Concern that the U.S. military could run out of water while washing tanks and trucks exposed to chemical and biological weapons has led to inventions with non-military applications.
A new water recycling system built by the U.S. Army Engineer Research and Development Center’s Environmental Laboratory solves the problem by filtering out the bad stuff, which allows the wastewater to be reused or dumped.
Known as the Decontamination Effluent Treatment System, it can filter up to 600 gallons of wash water per hour, according to Victor Medina, a research engineer in the Army lab.
But an offshoot of Medina’s work has led to a new filter membrane made of graphene oxide, a unique material with a tendency to self-assemble in layers, creating narrow channels that are perfect for filtering water.
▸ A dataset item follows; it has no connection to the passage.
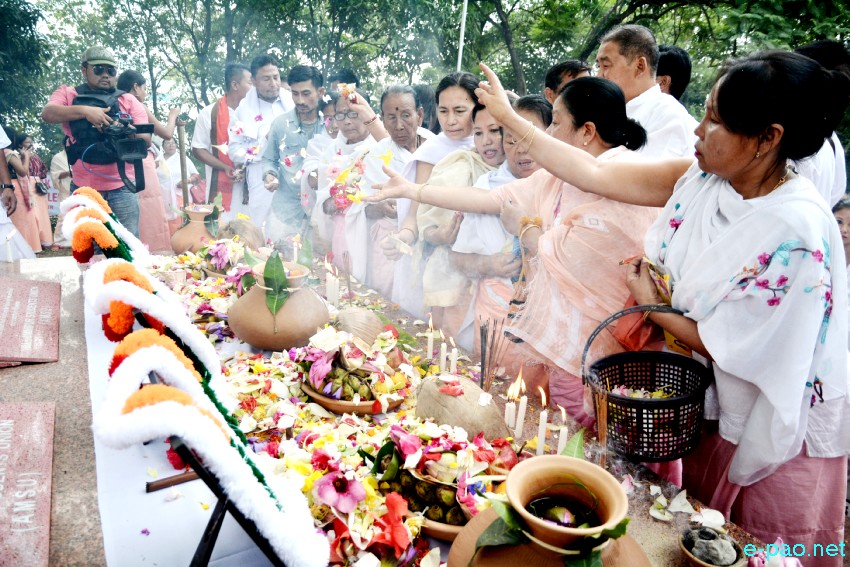 54th Hunger Marchers' Day (Chaklam Khongchat Numit) at Pishum Chingamacha :: August 27 2019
“He came in and said, ‘We need to create a piece of membrane material as big as my desk,’” said Chris Griggs, a research chemist and one of Medina’s colleagues. “And Jose Mattei-Sosa–a chemical engineer on my team–and I looked at each other and said, ‘OK’.”
While graphene oxide is great as a filter, it’s also really expensive, around $250 per gram expensive, so the researchers wanted a way to recycle it to lower production and lifecycle costs.
Using chitosan, which is made of crustacean shells and is relatively inexpensive, the researchers were able to bind the graphene oxide into a recyclable membrane.
“As far as we know, our team has the largest graphene oxide membranes in the world,” Griggs said.
While it was designed for water filtration, the researchers have other applications in mind. Griggs and Mattei-Sosa think it can make construction materials stronger and Medina has been looking at using it for decontamination, as a wipe or a “bandage,” to bind contaminants.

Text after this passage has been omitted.